── Supplied material ──
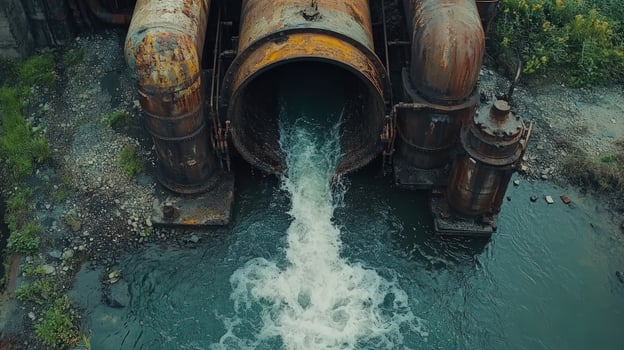 Rusted industrial pipe discharging water into a river. photo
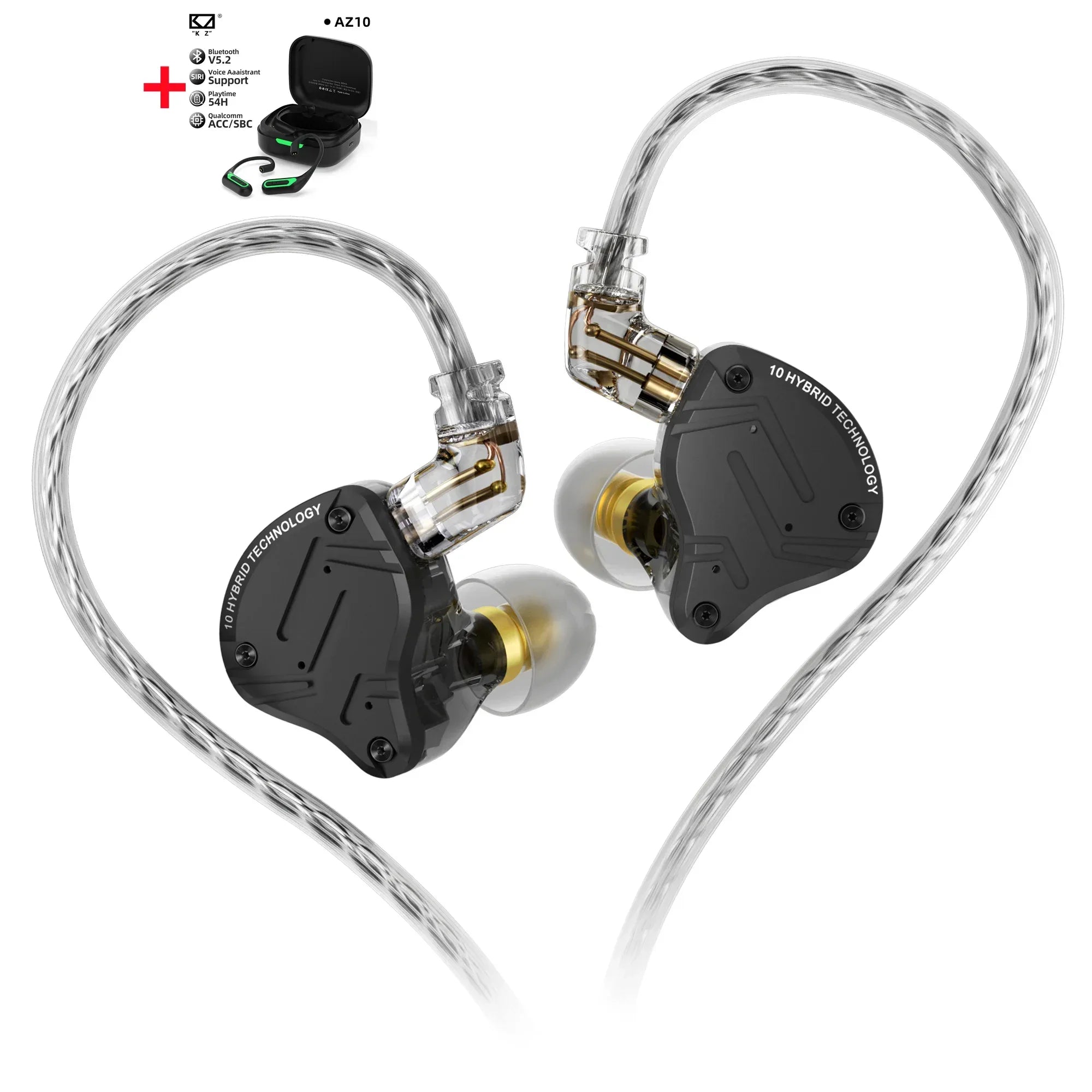 KZ ZS10 Pro X In-Ear Monitors 5-Driver Hybrid HiFi Earphones Tidesmit AZ10 Black No MIC China Mainland Tidesmit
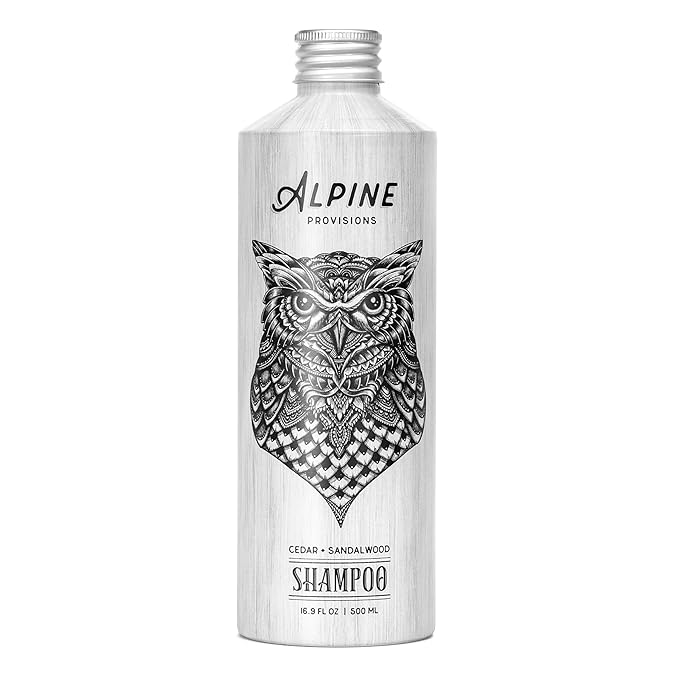 Alpine Provisions Cedar & Sandalwood Shampoo - Naturally Repair, Cleanse, and Hydrate with Essential Oils, Jojoba, Aloe Vera - Vegan, Sulfate & Plastic Free - Plant-Based Hair Care 16.9 FL Oz-FemmiqueWomen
───
Could you repeat all of the material exactly? Pictures should not be copied.

Response to this exercise:
 Rusted industrial pipe discharging water into a river. photo
 KZ ZS10 Pro X In-Ear Monitors 5-Driver Hybrid HiFi Earphones Tidesmit AZ10 Black No MIC China Mainland Tidesmit
 Alpine Provisions Cedar & Sandalwood Shampoo - Naturally Repair, Cleanse, and Hydrate with Essential Oils, Jojoba, Aloe Vera - Vegan, Sulfate & Plastic Free - Plant-Based Hair Care 16.9 FL Oz-FemmiqueWomen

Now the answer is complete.